Meski begitu, KH Masjkur tetap diangkat sebagai menteri agama di era Kabinet Hatta I.
Pada 1948, ketika pecah Pemberontakan PKI Madiun, KH Masjkur berkeliling di berbagai daerah untuk memberikan pengarahan dan memperkuat mental masyarakat.
Ketika Belanda melakukan Agresi Militer II, KH Masjkur merupakan salah satu pejabat negara yang lolos.
Ia kemudian bergerilya dari Solo hingga Ponorogo. KH Masjkur juga sempat bergabung dengan pasukan Jenderal Soedirman.
Pada 1949, KH Masjkur mendapat tugas untuk menemui SM Kartosoewiryo yang memberontak dengan mendirikan Negara Islam Indonesia.
Saat itu, KH Masjkur tidak berhasil menemui Kartosoewiryo.
Akan tetapi, berkat pengalamannya di lapangan, KH Masjkur berhasil sedikit meredam gerakan DI/TII.
Pada April 1953, KH Masjkur yang menjabat sebagai Ketua I, diangkat sebagai Ketua Umum PBNU. Ia menggantikan Wahid Hasyim yang meninggal dunia pada April 1953.
Setelah Pemilu 1955, KH Masjkur terpilih menjadi salah satu anggota Konstituante.
Namun, ketika Konstituante dibubarkan, KH Masjkur tetap menjadi anggota Dewan Perwakilan Rakyat (DPR) Gotong Royong.
KH Masjkur kemudian menjadi anggota staf biro politik Komando Tertinggi Retooling Aparatur atau Kotrar.
Meninggal dunia
Setelah Presiden Soekarno lengser dan digantikan oleh Soeharto dengan Orde Barunya, KH Masjkur tetap menjadi anggota DPR.

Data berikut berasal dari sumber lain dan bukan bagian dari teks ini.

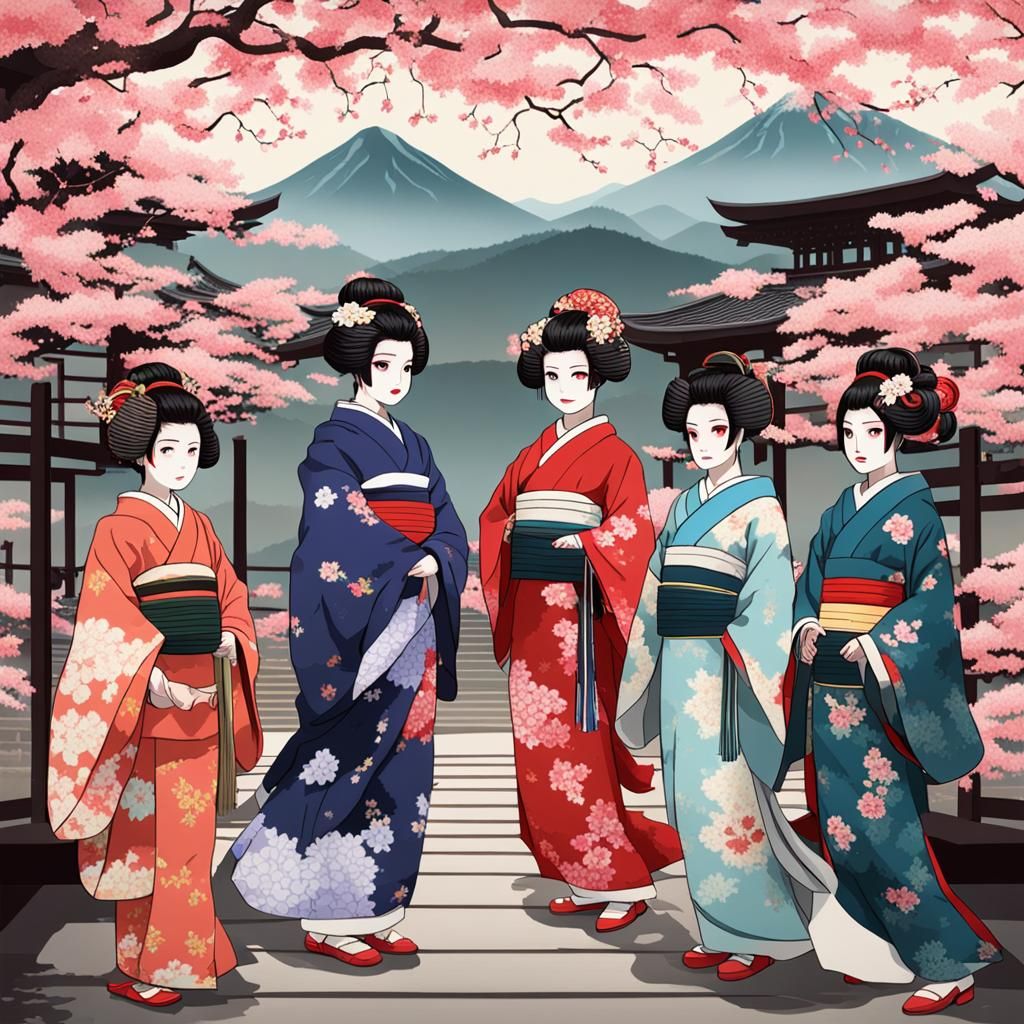Geishas in Traditional Ceremony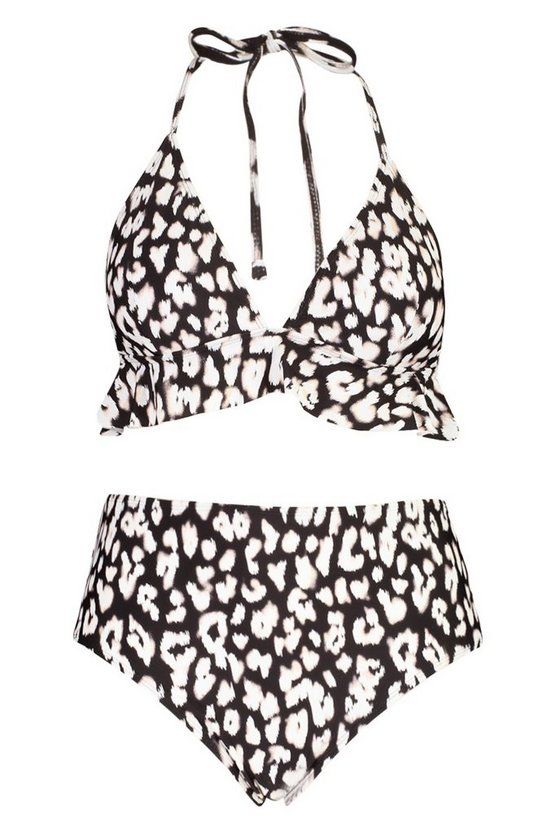 Plus Leopard Ruffle High Waist Bikini | Boohoo.com (US & CA)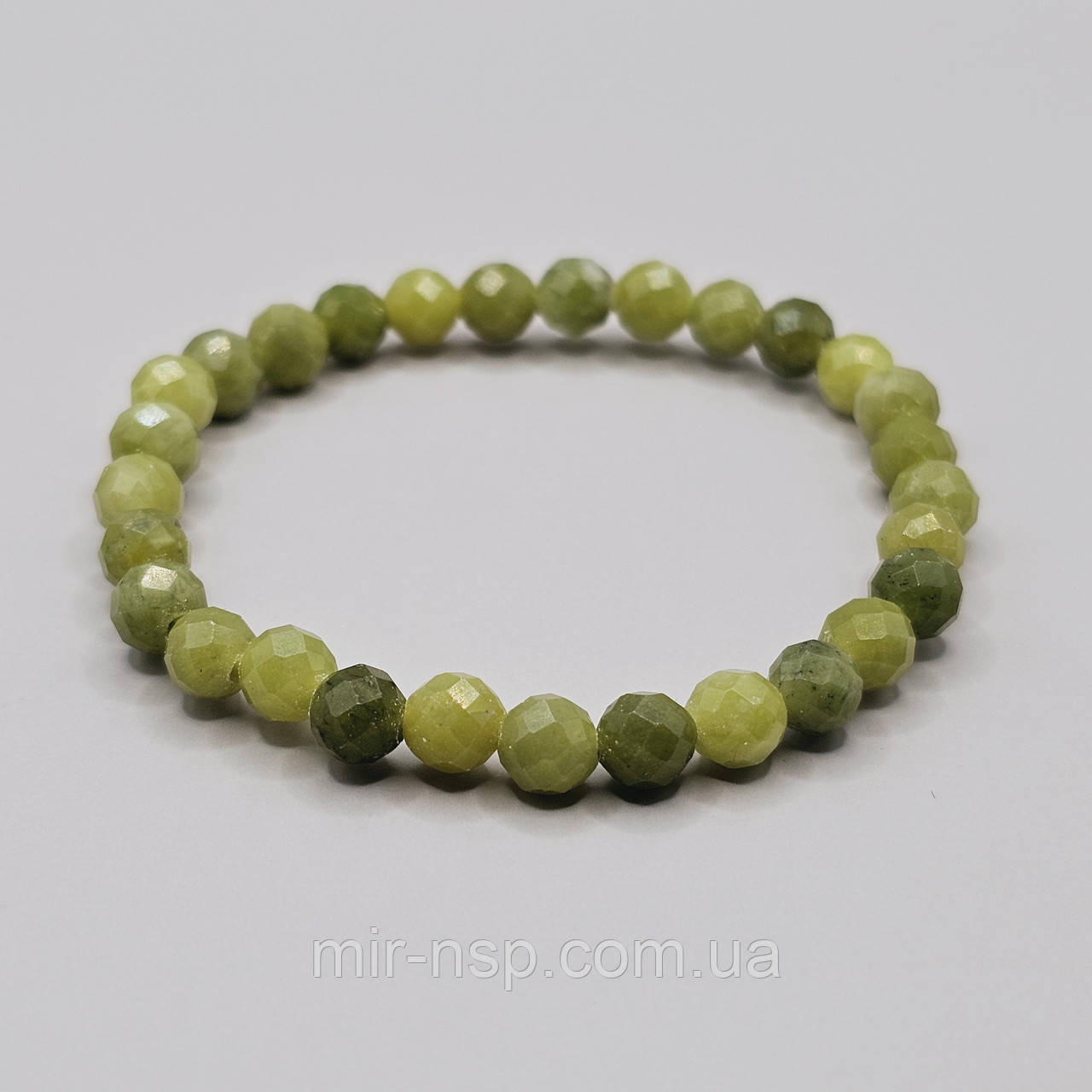 Браслет 100% натуральний жадеїт 6 мм, фото 1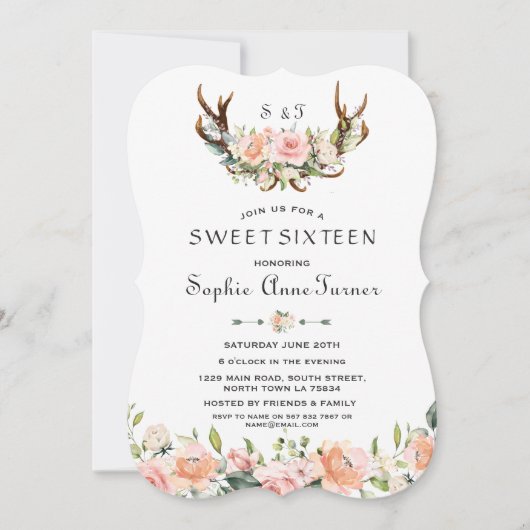 Waterverf Roze Crème Bloemige Geweien Sweet 16 Kaart (Voorkant)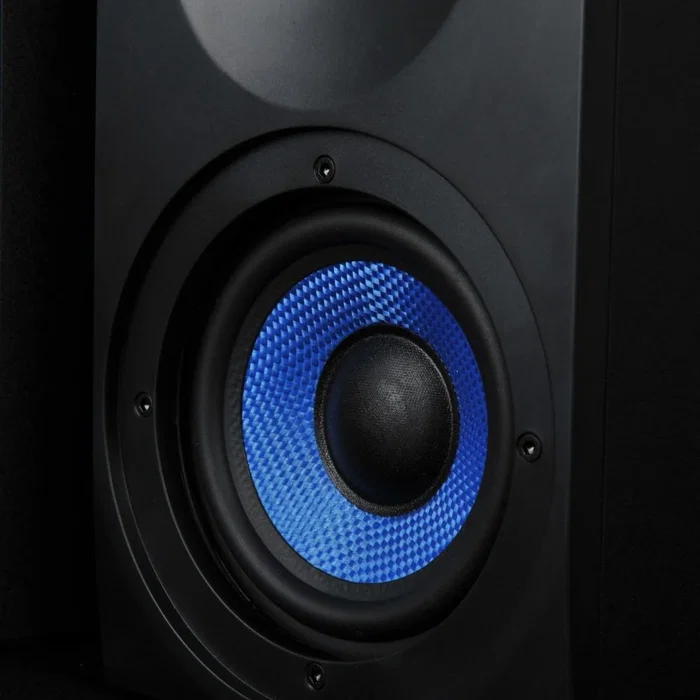 Woxter Altavoces Estéreo Gaming DL-410 FX 150W, Sistema 2.0 con Woofer 4" y Tweeter 1", Negro/Azul, Conexión 3.5mm y RCA Woxter Altavoces Estéreo Gaming DL-410 FX 150W, Sistema 2.0 con Woofer 4" y Tweeter 1", Negro/Azul, Conexión 3.5mm y RCA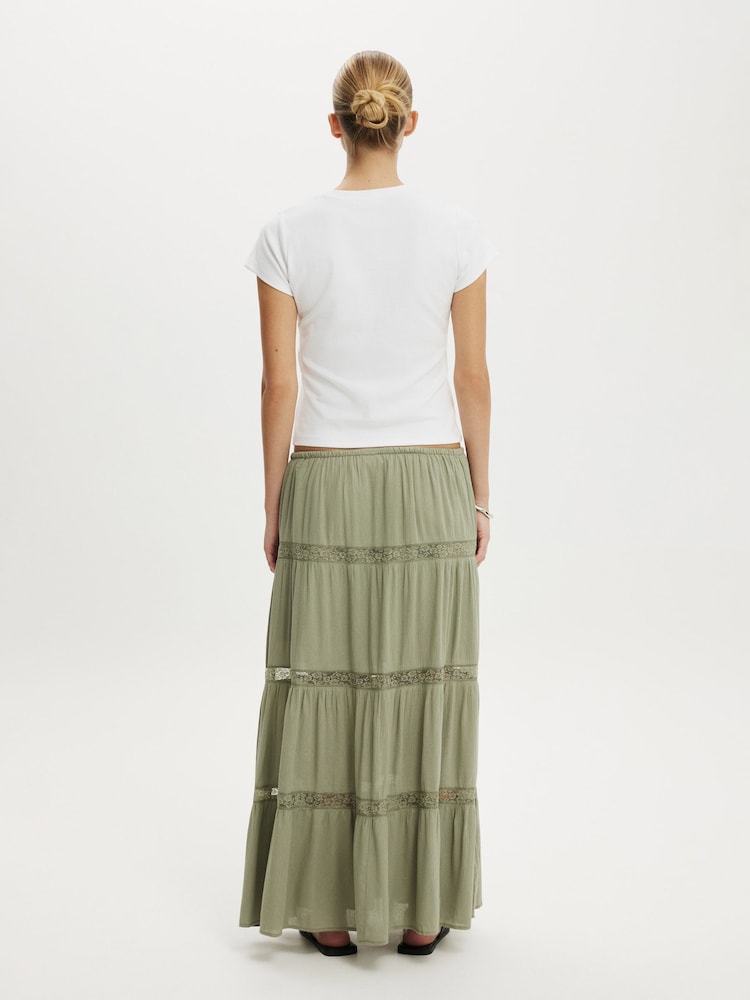 Cotton On Green Haven Multi Tiered Maxi Skirt - Image 2 of 5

Selain itu, KH Masjkur juga menjabat sebagai ketua Fraksi Persatuan Pembangunan.
Di masa Orde Baru, KH Masjkur termasuk tokoh yang kerap kritis terhadap pemerintahan.
Salah satunya adalah mengkritisi UU Kepartaian. Sebab, pada Orde Baru, berbagai partai dilebur menjadi 3 Partai.
KH Masjkur juga menentang program Pedoman Penghayatan dan Pengamala Pancasila (P4) atau Eka Prasetya Pancakarsa.
Saat itu, KH Masjkur menilai bahwa P4 bikinan Soeharto telah memonopoli penafsiran Pancasila.
Setelah itu, KH Masjkur fokus pada kegiatan keagamaan dan tetap aktif dalam kepengurusan NU.
Selain itu, KH Masjkur juga menjadi ketua Yayasan Universitas Islam Malang (Unisma) hingga meninggal dunia pada 18 Desember 1992.